Consequências do uso excessivo de telas
A exposição prolongada às telas provoca uma diminuição da frequência do piscar dos olhos, um movimento involuntário que é crucial para a manutenção da umidade ocular. Ana Paula explica que a consulta com pais que trazem filhos apresentando queixas relacionadas ao olho seco tem se tornado comum. Esses jovens frequentemente relatam desconforto, que se manifesta por meio de um aumento na frequência do piscar ou a sensação de ardor e coceira, frequentemente identificados como “areia nos olhos”.
Os adolescentes estão particularmente em risco, não apenas por conta do tempo que passam em frente às telas, mas também devido a fatores como iluminação inadequada durante o uso de dispositivos em ambientes fechados, como seus quartos. A soma dessas condições resulta em um estresse ocular significativo, além dos sintomas físicos, pode afetar indiretamente áreas como o desenvolvimento pessoal e social dos jovens. Não é apenas a visão que está em jogo, mas toda a saúde geral da criança ou adolescente que é impactada pelo uso indiscriminado dessas tecnologias.
Recomendações para prevenir o problema
Com a presença marcante da tecnologia na rotina das crianças, a oftalmologista enfatiza a importância de estabelecer limites no uso de dispositivos eletrônicos. A recomendação atual para crianças a partir de 6 anos e adolescentes é que a exposição às telas seja restrita a um máximo de duas horas diárias, conforme orientações da Sociedade Brasileira de Pediatria. Essa restrição é fundamental não apenas para prevenir condições oculares como o olho seco, mas também para garantir um equilíbrio saudável nas atividades diárias dos jovens.
Pesquisas sugerem que o tempo excessivo em frente às telas pode gerar efeitos adversos que vão além da visão. O sono da criança pode ser prejudicado, assim como suas interações sociais. Como consequência, os pais devem estar atentos ao tempo em que seus filhos permanecem frente às telas e incentivá-los a diversificar suas atividades diárias. Isso inclui promover brincadeiras ao ar livre, atividades físicas, leitura e momentos de descontração com família e amigos, o que é vital para um desenvolvimento saudável e completo.
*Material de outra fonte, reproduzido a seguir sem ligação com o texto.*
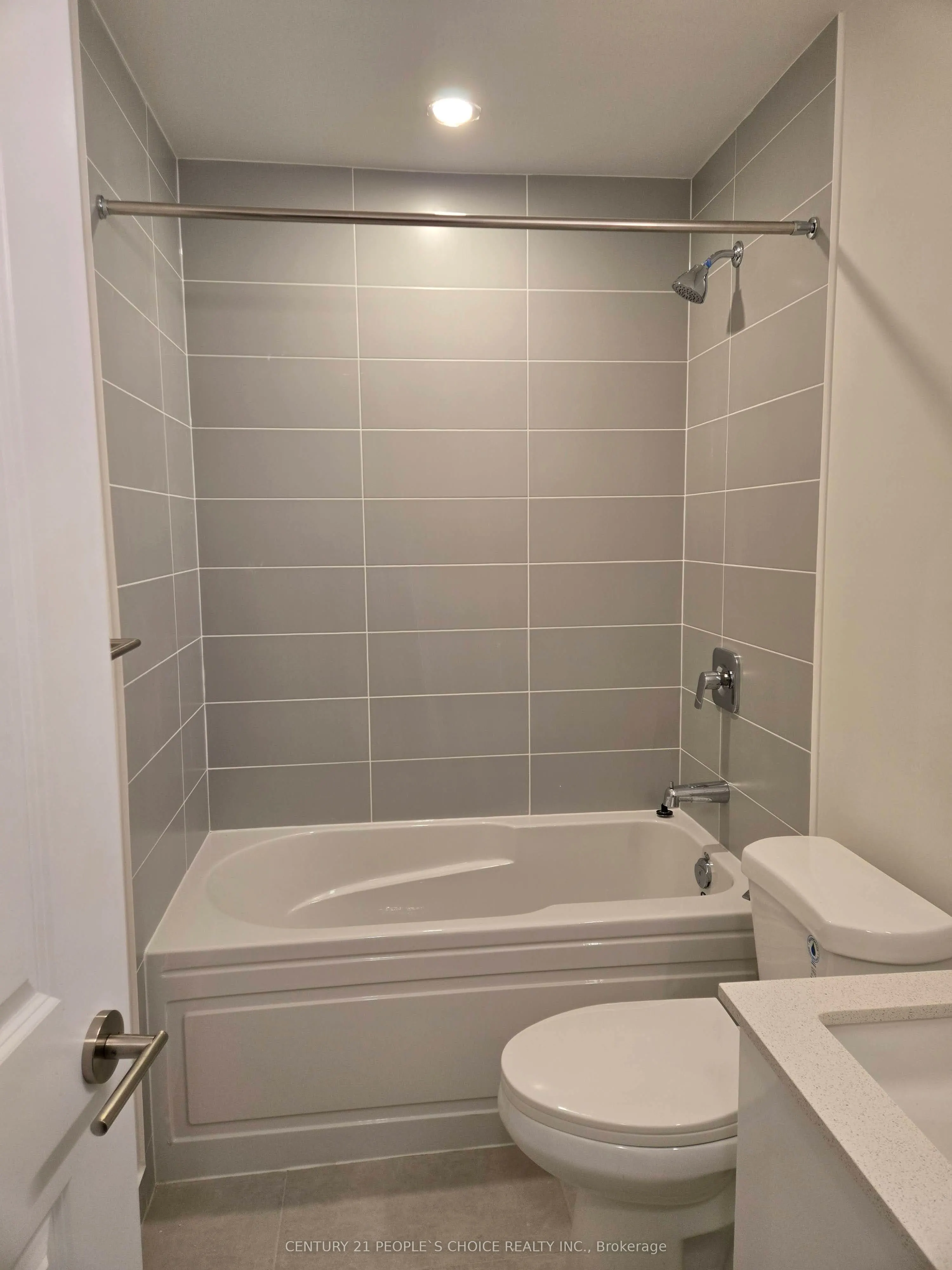 3270 Sheppard Avenue, #2025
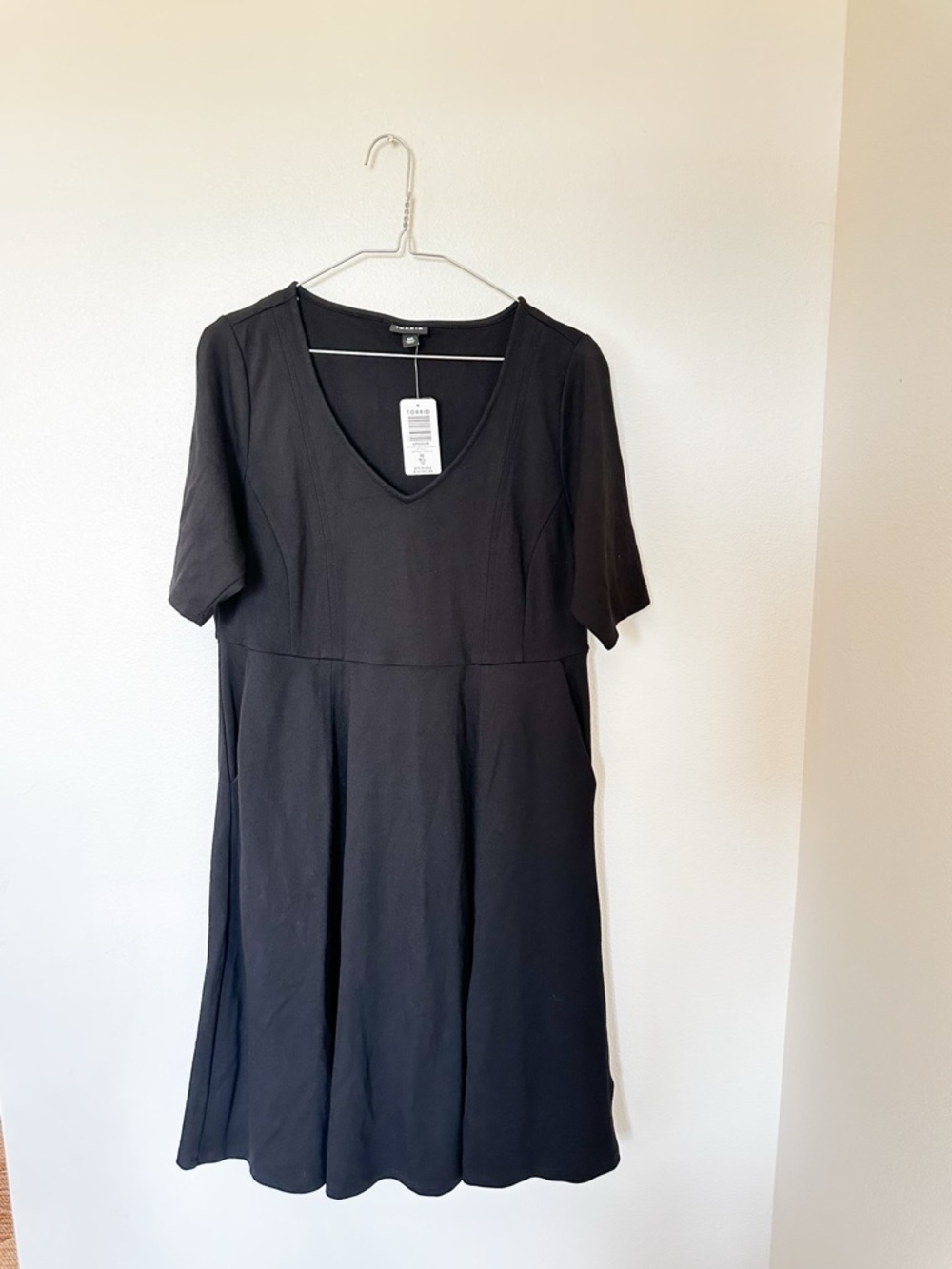 Torrid Black V-Neck Short Sleeve Dress -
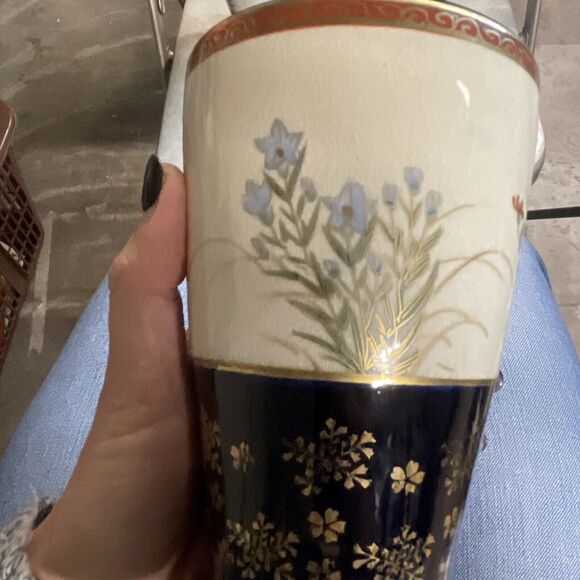 Pair of Vintage Satsuma Pottery Vases 7.5” Floral Blue Gold Signed - Picture 10 of 11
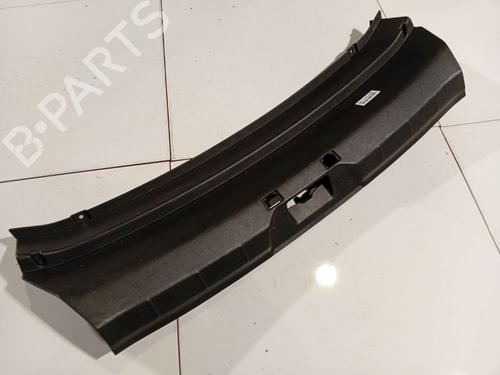 step-volvo-v40-hatchback-525-2012-2013-2014-2015-2016-2017-2018-2019-36379722 main image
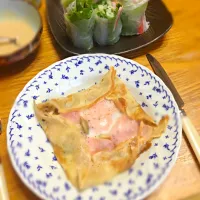 Snapdishの料理写真:きのこのガレット 大葉の生春巻き|まりさん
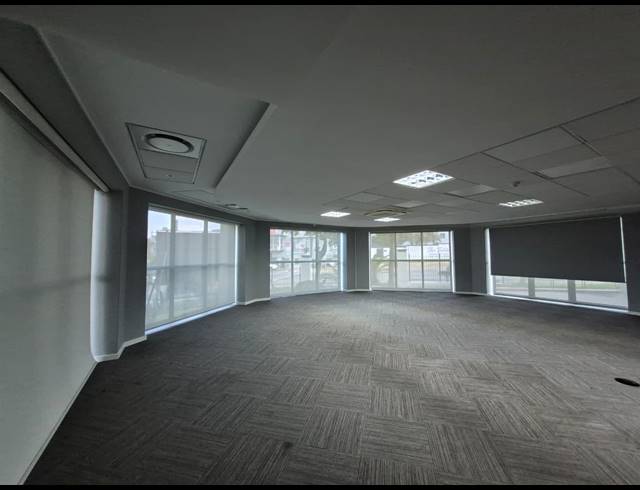 3,495M² OFFICE TO LET IN ILLOVO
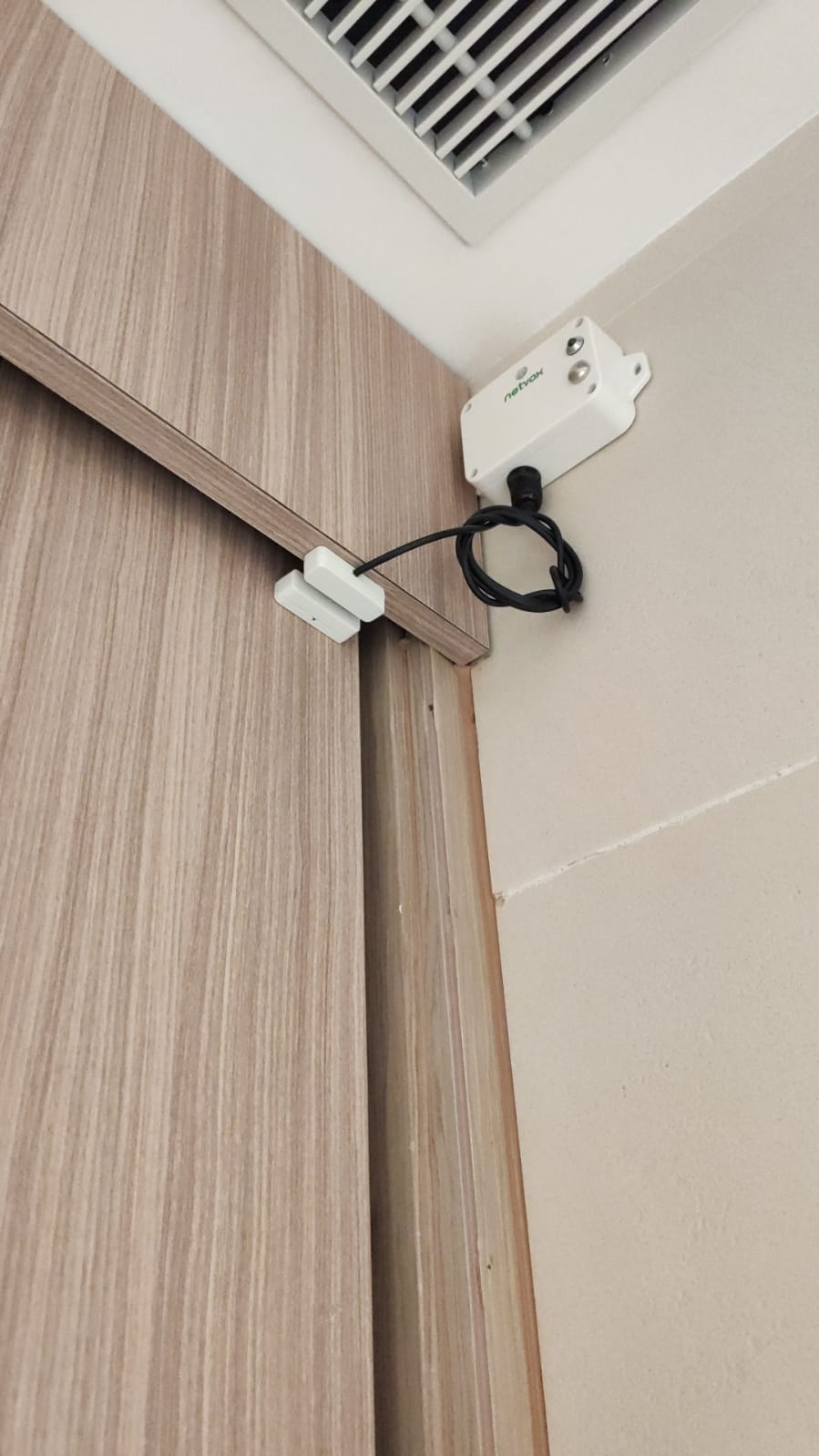 安裝於門框上的無線門磁感應器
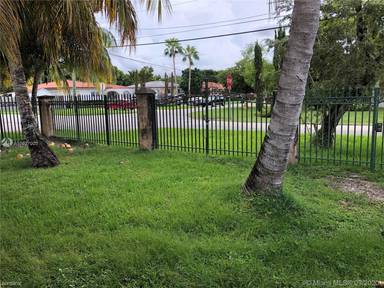 Main picture of 6295 SW 33rd St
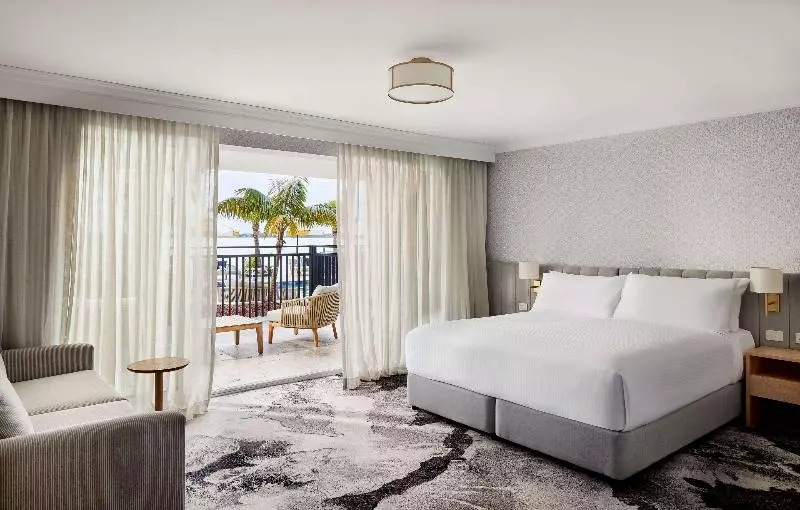 キングサイズベッドのスタンダードルーム, The Beachcomber Hotel & Resort, Ascend Hotel Collection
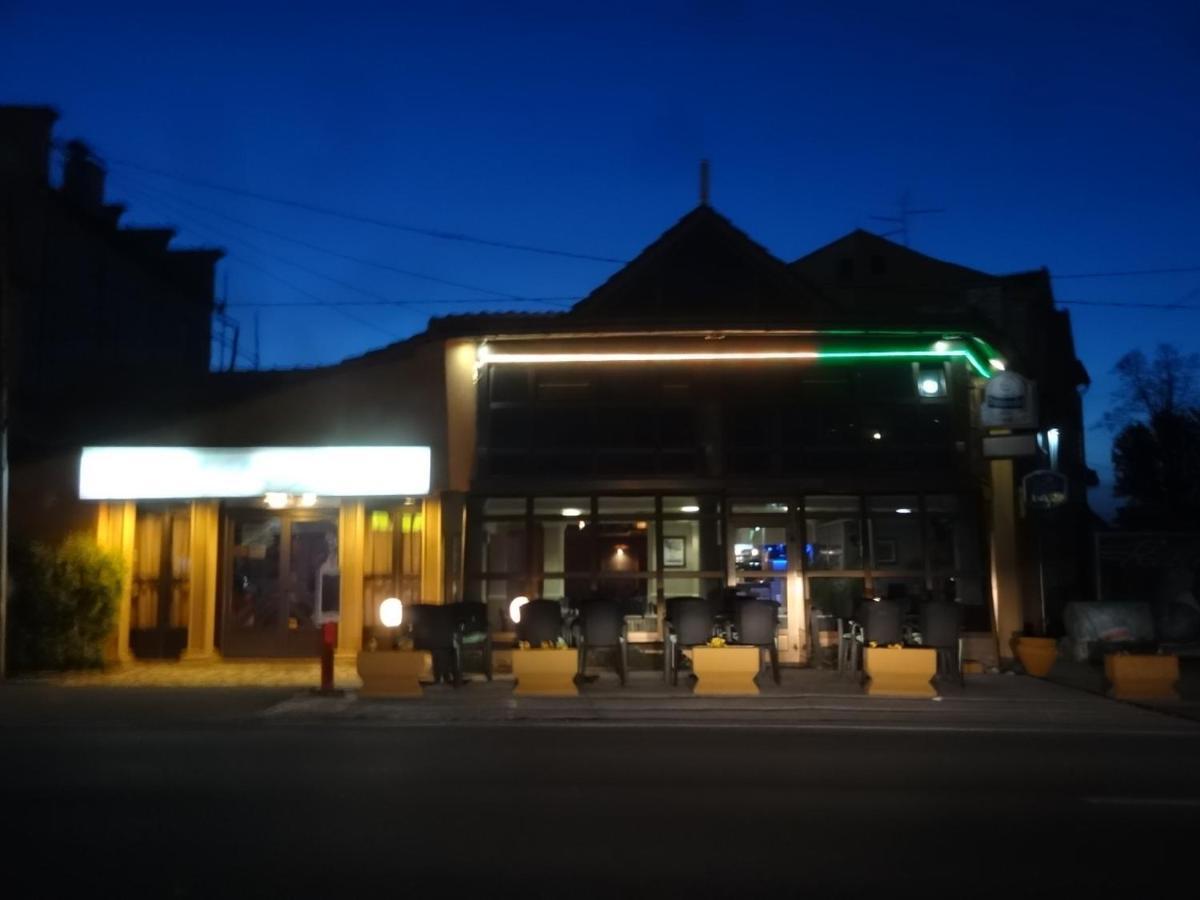 Motel Zoka Dvorovi Bagian luar foto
A condição do olho seco serve como um exemplo claro de como hábitos contemporâneos, que muitas vezes são normatizados em nossa sociedade, podem impactar negativamente a saúde. O alerta da oftalmologista deve ser um chamado para todos os responsáveis que ainda não refletiram sobre a questão do uso excessivo da tecnologia por seus filhos. Ao implementar pequenas mudanças na rotina, como limites de tempo para o uso de dispositivos, é possível garantir um cuidado essencial com a saúde ocular e o bem-estar geral das crianças e adolescentes. Assim, podemos garantir que as gerações futuras tenham um desenvolvimento equilibrado e saudável em um mundo cada vez mais digital.